Is there a qualitative difference between understanding and manipulation of symbols? Humans (and animals) are natural champs at the former, while most humans (who might have been flustered by 8th grade algebra) have trouble with the latter. Computers have gotten quite good at faking understanding by manipulating symbols. They can do algebra and calculus so much faster and more reliably than humans that theoretical physicists operate on a different level than when I was in school 30 years ago.
In this month's Atlantic, Douglas Hofstadter does a thorough (and amusing) job of illustrating the difference between symbol manipulation and understanding. The reason that Google Translate is useful is not that it produces even workmanlike translations, but that we supply human intelligence at the back end to make sense of its output.

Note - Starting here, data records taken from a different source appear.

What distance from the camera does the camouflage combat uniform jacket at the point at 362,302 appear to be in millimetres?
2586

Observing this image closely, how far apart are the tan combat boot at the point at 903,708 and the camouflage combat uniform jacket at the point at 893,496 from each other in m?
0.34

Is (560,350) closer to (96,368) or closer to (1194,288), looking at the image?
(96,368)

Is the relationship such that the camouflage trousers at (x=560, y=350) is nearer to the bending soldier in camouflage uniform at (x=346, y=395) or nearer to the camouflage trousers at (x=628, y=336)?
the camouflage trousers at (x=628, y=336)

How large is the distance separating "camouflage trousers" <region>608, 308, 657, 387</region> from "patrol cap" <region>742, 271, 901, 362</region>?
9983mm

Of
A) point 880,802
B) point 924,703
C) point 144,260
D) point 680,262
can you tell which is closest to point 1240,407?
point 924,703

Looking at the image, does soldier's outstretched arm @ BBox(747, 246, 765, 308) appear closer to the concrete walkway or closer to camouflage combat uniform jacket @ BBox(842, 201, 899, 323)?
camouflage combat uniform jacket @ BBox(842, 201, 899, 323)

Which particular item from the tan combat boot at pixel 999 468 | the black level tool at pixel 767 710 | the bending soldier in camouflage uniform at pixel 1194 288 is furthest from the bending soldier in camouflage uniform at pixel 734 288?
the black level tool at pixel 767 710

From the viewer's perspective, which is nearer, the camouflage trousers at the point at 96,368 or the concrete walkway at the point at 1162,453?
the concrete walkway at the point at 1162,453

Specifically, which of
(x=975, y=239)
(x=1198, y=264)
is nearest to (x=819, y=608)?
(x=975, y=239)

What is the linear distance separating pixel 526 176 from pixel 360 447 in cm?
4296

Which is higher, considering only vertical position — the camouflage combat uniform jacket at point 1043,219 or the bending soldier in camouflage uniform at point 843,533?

"One swallow does not a summer make."
"One swallow does not a thirst quench."
Even the least articulate native speaker dips into the art of language in ways that stymie the most sophisticated AI programs now available. When you hear "a heap of bull" your mind automatically fills in the four-letter word that was omitted for the sake of polite society. The unwashed AI program tries to conjure a bevy of bovines.
For the present, we can agree that AI is taking shortcuts that produce impressive demonstrations, but a little probing reveals glaring shortcomings. What about the future?
The prevailing view, which Hofstadter reiterates, is that understanding is in principle something that computers can do, but that a huge database of facts about the world needs to be available, with all appropriate associations.
The more radical view is that human minds are doing something qualitatively different from what a computer can ever possibly do. Many laypeople come to this view from common sense. But in the elite world of mathematical philosophers, the only prominent thinker who defends it is Roger Penrose.